2006-06-13

the one with a surprised awakening

i woke up this morning to the loud exclaimation of my TV alarm: "Australia has won it!"
imagine that...a team which i had no faith in actually defeated the japanese by 2 goals. it's almost unable to fathom...but it seems fate had other plans indeed.
"go aussie!" i exclaim in unenthusiastic praise.

another form of awakening might be considered to be experienced on my way to work this morning. with sleepy bodies all around me and the lack of the hustle and bustle in the streets (probably because i left for work much earlier than normal), it was somewhat surreal. anyways, just sitting on the bus, with my mood music playing on the mp3, it occurred to me: i am not happy...and i havent been happy for a while now.

i dont mean that i dont laugh and joke when the opportunity arises, what i mean is the happiness you get when you wake up, when you go about your day, when you go to bed; the kind of 'inner' happiness when you realise you are alive.

perhaps this train of thought started a while back but it kinda took form last night when i had dinner with some of my closest friends here in good ol Brissie. they were happy, with people they love at their side or on their minds and of course, having their love back in return. the truth is...i am jealous...well...a little.

this feeling i have inside is so conflicting, i am happy for them of course...they are good people and they deserve the love and care of another person, esp from the ones they love. then comes the part that follows...the self-centered part. a questions pops into my mind: "why not me?" isnt it weird that the common question people ask is "why me?" whereas i am asking the opposite question?

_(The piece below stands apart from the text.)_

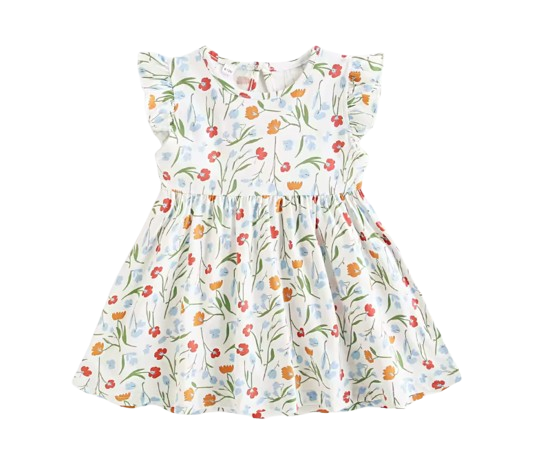 The Della - Baby Girls Summer Floral Dress Cotton Kids Clothing Cute Fashion Outfit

someone might say this is pathetic, that i am pathetic for thinking and feeling this way. i wont argue. it truely isnt something to be proud of.
"move on"
"find someone who will cherish and love you"
that's what i hear from people, and of course...i have dished out the same to whom i thought needed to hear it.
i realised over the past few months that the words dont offer any comfort.
a surprised...more accurately...a rude awakening has come for me:
once bitten, never again(?)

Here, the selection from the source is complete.